The goal of the ctypes module of PyPy is to be as compatible as possible with the CPython ctypes version. It works for large examples, such as pyglet. PyPy’s implementation is not strictly 100% compatible with CPython, but close enough for most cases.
We also used to provide ctypes-configure for some API-level access. This is now viewed as a precursor of CFFI, which you should use instead. More (but older) information is available here. Also, ctypes’ performance is not as good as CFFI’s.
PyPy implements ctypes as pure Python code around two built-in modules called _ffi and _rawffi, which give a very low-level binding to the C library libffi. Nowadays it is not recommended to use directly these two modules.
This method is still experimental. It adds the cppyy module. The method works by using the Reflex package to provide reflection information of the C++ code, which is then used to automatically generate bindings at runtime. From a python standpoint, there is no difference between generating bindings at runtime, or having them “statically” generated and available in scripts or compiled into extension modules: python classes and functions are always runtime structures, created when a script or module loads. However, if the backend itself is capable of dynamic behavior, it is a much better functional match to python, allowing tighter integration and more natural language mappings. Full details are available here.
The cppyy module is written in RPython, which makes it possible to keep the code execution visible to the JIT all the way to the actual point of call into C++, thus allowing for a very fast interface. Reflex is currently in use in large software environments in High Energy Physics (HEP), across many different projects and packages, and its use can be virtually completely automated in a production environment. One of its uses in HEP is in providing language bindings for CPython. Thus, it is possible to use Reflex to have bound code work on both CPython and on PyPy. In the medium-term, Reflex will be replaced by cling, which is based on llvm. This will affect the backend only; the python-side interface is expected to remain the same, except that cling adds a lot of dynamic behavior to C++, enabling further language integration.
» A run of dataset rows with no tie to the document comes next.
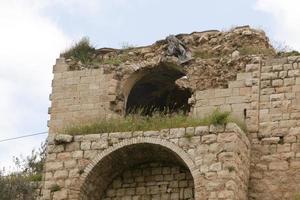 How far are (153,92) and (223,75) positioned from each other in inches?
116

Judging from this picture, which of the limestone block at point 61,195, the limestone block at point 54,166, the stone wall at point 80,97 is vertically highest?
the stone wall at point 80,97

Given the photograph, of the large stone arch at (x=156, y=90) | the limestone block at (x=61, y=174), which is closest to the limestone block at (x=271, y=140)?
the large stone arch at (x=156, y=90)

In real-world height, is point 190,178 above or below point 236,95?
below

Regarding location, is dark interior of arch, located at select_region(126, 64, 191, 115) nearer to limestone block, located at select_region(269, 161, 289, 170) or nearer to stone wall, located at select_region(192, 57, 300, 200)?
stone wall, located at select_region(192, 57, 300, 200)

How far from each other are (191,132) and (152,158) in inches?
45.4

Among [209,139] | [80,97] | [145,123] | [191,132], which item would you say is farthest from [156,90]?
[209,139]

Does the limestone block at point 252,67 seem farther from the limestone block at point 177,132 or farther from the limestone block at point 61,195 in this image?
the limestone block at point 61,195

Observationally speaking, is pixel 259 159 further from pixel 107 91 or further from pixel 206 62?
pixel 107 91

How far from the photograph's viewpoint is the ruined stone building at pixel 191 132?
16281 mm

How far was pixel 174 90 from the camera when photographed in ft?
68.8

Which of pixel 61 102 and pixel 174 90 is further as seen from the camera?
pixel 174 90

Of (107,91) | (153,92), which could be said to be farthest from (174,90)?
(107,91)

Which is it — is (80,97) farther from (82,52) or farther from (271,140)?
(271,140)

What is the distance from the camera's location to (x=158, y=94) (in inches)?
822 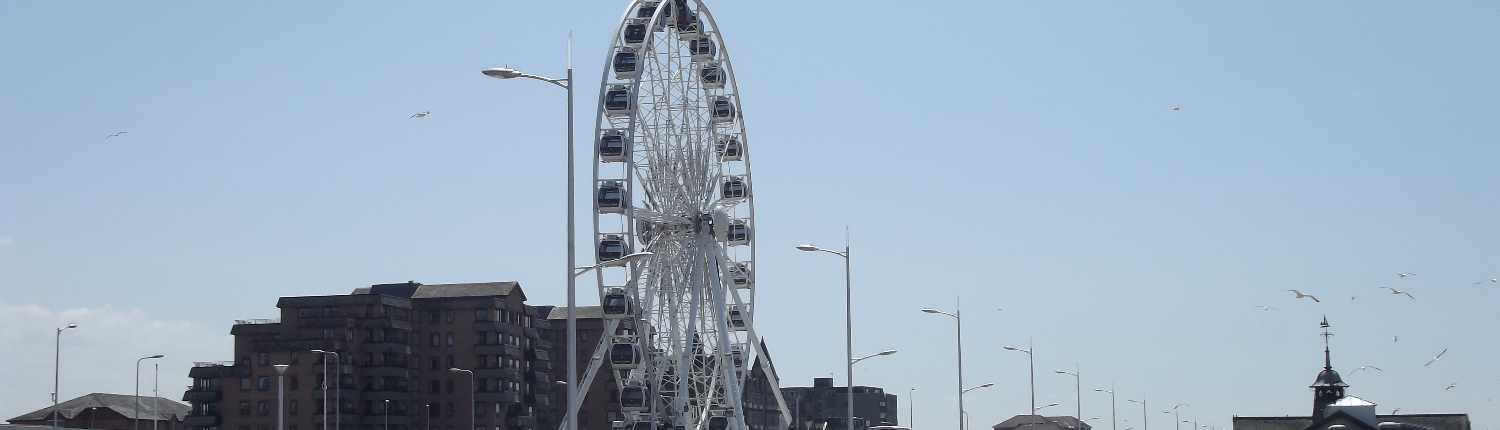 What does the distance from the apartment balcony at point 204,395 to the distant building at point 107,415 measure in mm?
15169

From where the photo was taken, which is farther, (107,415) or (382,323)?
(107,415)

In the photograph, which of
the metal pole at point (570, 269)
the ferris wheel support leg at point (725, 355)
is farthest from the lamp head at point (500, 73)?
the ferris wheel support leg at point (725, 355)

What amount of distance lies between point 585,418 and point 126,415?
4126 cm

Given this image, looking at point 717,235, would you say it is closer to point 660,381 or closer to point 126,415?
point 660,381

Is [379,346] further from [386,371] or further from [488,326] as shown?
[488,326]

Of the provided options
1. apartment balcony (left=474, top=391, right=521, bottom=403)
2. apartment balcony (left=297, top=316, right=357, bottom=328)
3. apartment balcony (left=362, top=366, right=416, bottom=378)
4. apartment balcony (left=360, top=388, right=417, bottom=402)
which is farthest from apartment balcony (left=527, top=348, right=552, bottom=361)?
apartment balcony (left=297, top=316, right=357, bottom=328)

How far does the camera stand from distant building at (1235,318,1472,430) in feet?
329

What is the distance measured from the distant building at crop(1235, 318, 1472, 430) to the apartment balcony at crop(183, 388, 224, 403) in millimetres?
77706

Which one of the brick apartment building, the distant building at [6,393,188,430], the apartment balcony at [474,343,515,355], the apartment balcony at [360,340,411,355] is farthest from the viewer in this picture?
the distant building at [6,393,188,430]

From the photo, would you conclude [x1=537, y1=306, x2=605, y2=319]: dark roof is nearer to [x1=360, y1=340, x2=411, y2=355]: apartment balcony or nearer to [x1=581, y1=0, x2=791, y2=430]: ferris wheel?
[x1=360, y1=340, x2=411, y2=355]: apartment balcony

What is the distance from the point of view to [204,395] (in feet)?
462

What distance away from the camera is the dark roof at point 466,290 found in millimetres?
151625

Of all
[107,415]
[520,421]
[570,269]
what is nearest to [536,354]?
[520,421]

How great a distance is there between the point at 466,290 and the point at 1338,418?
7661cm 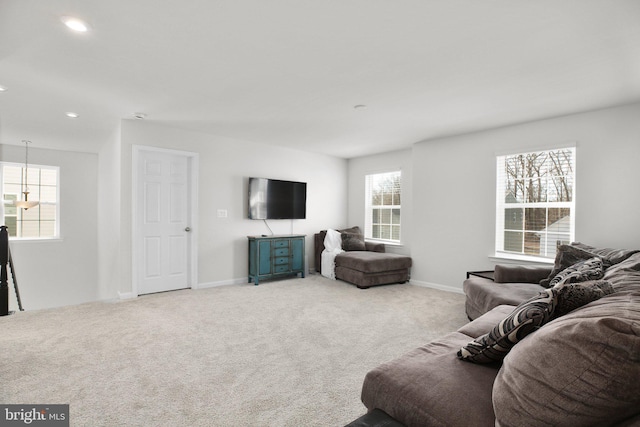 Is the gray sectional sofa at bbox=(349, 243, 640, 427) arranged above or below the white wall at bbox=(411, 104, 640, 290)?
below

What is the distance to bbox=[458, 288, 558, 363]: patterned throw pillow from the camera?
49.7 inches

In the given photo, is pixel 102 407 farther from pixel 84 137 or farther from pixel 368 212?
pixel 368 212

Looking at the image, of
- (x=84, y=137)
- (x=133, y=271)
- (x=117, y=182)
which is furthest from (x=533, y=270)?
(x=84, y=137)

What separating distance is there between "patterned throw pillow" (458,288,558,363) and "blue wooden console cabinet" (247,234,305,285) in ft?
13.9

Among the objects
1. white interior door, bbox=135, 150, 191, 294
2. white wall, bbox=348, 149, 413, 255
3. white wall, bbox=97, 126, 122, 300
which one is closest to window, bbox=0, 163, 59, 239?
white wall, bbox=97, 126, 122, 300

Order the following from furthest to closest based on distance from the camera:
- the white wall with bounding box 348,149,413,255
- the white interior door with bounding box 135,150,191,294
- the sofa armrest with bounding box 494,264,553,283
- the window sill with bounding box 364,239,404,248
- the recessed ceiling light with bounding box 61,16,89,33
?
the window sill with bounding box 364,239,404,248, the white wall with bounding box 348,149,413,255, the white interior door with bounding box 135,150,191,294, the sofa armrest with bounding box 494,264,553,283, the recessed ceiling light with bounding box 61,16,89,33

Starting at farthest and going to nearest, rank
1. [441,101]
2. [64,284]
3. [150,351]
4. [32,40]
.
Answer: [64,284] < [441,101] < [150,351] < [32,40]

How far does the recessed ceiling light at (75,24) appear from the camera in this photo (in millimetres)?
2141

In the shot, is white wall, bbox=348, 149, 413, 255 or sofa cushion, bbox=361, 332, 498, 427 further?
white wall, bbox=348, 149, 413, 255

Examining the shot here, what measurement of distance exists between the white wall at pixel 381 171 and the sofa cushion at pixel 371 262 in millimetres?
496

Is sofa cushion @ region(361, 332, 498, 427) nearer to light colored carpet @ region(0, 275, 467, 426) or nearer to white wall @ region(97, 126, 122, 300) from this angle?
light colored carpet @ region(0, 275, 467, 426)

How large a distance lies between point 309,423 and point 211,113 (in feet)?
11.7

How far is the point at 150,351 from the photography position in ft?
9.17

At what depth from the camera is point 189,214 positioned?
5059 millimetres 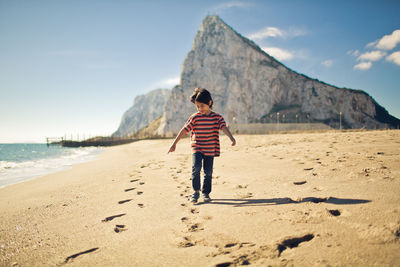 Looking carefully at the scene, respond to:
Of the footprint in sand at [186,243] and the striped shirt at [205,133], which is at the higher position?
the striped shirt at [205,133]

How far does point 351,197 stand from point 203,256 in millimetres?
2072

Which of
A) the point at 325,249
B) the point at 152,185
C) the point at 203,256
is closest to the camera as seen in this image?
the point at 325,249

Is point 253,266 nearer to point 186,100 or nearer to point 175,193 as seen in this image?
point 175,193

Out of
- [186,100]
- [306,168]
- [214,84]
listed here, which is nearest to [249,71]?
[214,84]

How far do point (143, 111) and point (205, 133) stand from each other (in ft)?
592

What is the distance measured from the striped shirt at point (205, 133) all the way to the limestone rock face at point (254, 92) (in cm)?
7082

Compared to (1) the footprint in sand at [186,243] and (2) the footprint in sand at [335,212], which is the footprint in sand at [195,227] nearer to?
(1) the footprint in sand at [186,243]

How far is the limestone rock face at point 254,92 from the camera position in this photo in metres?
75.0

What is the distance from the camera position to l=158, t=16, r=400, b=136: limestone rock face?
7500 centimetres

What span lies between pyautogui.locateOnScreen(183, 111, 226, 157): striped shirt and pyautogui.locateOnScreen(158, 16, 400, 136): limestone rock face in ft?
232

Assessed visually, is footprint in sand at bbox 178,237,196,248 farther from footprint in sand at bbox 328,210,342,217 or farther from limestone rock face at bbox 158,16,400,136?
limestone rock face at bbox 158,16,400,136

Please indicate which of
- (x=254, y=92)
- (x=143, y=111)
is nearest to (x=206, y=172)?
(x=254, y=92)

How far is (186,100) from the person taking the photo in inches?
3103

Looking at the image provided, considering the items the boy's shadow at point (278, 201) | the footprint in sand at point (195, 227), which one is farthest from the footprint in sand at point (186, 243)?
the boy's shadow at point (278, 201) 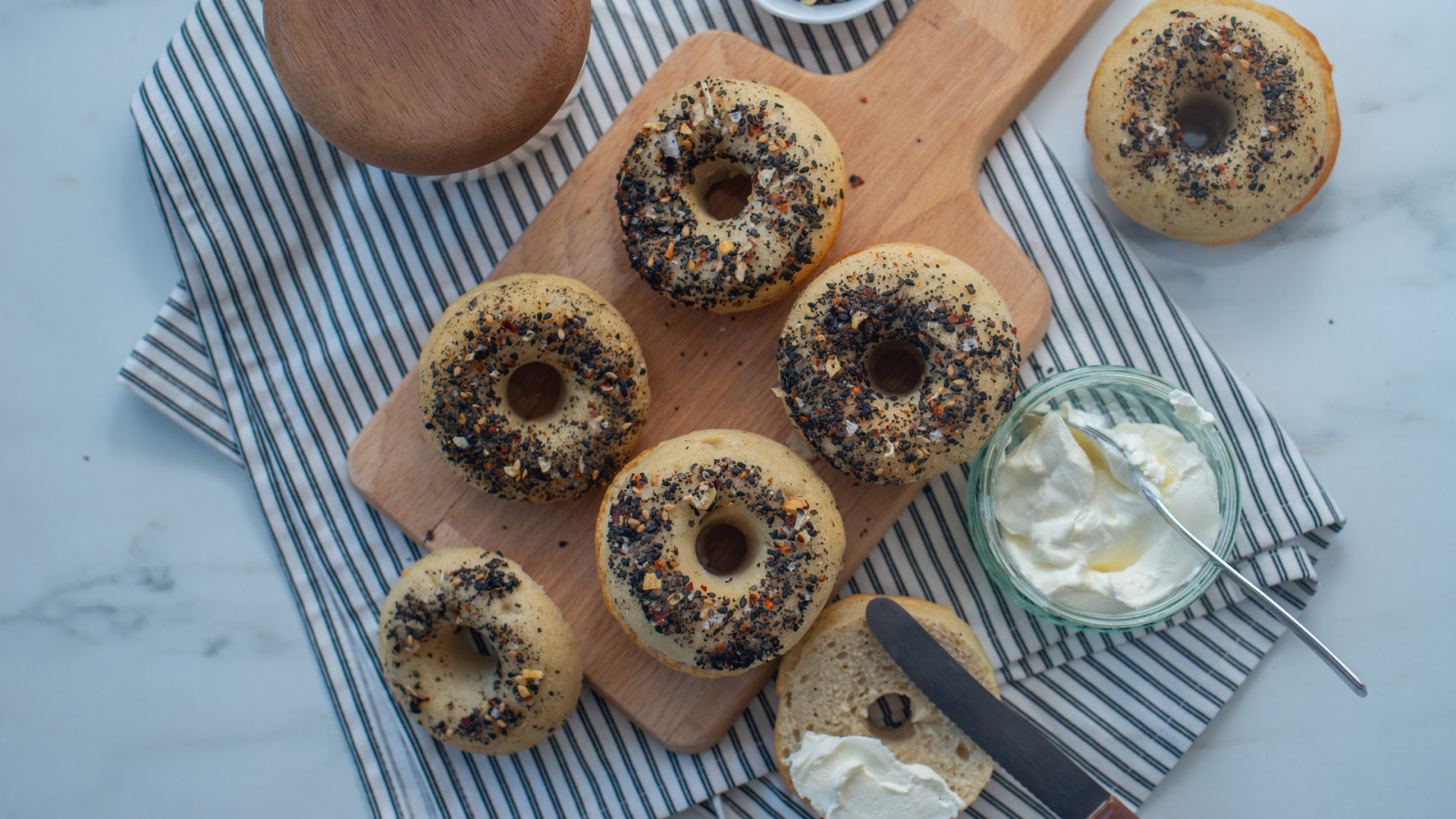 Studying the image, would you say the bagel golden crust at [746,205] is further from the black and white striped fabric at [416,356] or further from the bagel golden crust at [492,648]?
the bagel golden crust at [492,648]

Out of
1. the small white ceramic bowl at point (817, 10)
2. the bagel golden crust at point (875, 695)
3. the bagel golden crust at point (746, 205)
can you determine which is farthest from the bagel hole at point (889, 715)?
the small white ceramic bowl at point (817, 10)

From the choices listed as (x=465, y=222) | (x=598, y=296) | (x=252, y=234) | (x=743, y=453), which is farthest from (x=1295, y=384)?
(x=252, y=234)

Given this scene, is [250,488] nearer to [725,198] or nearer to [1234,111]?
[725,198]

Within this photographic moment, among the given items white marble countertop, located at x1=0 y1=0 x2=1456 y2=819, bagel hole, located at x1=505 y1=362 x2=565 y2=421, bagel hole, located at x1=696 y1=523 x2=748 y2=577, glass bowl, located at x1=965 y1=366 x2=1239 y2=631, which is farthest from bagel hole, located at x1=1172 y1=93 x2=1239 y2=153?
bagel hole, located at x1=505 y1=362 x2=565 y2=421

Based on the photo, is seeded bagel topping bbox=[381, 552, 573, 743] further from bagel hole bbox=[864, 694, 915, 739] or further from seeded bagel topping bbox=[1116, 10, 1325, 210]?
seeded bagel topping bbox=[1116, 10, 1325, 210]

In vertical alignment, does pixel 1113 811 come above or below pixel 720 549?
below

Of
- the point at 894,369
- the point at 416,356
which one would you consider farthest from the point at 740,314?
the point at 416,356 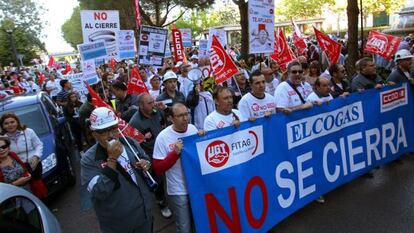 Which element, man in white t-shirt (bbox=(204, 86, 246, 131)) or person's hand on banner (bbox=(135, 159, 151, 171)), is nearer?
person's hand on banner (bbox=(135, 159, 151, 171))

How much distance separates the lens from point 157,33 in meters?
9.65

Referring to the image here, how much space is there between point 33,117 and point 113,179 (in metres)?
4.60

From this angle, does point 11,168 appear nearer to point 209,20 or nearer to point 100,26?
point 100,26

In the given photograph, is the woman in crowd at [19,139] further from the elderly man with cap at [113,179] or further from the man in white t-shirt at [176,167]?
the elderly man with cap at [113,179]

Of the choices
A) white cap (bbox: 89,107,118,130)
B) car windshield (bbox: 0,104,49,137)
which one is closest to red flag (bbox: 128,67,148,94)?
car windshield (bbox: 0,104,49,137)

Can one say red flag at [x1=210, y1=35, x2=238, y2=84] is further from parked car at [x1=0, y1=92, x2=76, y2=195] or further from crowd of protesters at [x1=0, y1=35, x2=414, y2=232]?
parked car at [x1=0, y1=92, x2=76, y2=195]

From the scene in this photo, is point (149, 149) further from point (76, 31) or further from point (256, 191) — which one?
point (76, 31)

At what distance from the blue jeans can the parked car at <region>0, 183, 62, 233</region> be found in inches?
46.7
C++ is a large language, and cppyy is not yet feature-complete. Still, the experience gained in developing the equivalent bindings for CPython means that adding missing features is a simple matter of engineering, not a question of research. The module is written so that currently missing features should do no harm if you don’t use them, if you do need a particular feature, it may be necessary to work around it in python or with a C++ helper function. Although Reflex works on various platforms, the bindings with PyPy have only been tested on Linux.
RPython Mixed Modules¶
This is the internal way to write built-in extension modules in PyPy. It cannot be used by any 3rd-party module: the extension modules are built-in, not independently loadable DLLs.
This is reserved for special cases: it gives direct access to e.g. the details of the JIT, allowing us to tweak its interaction with user code. This is how the numpy module is being developed.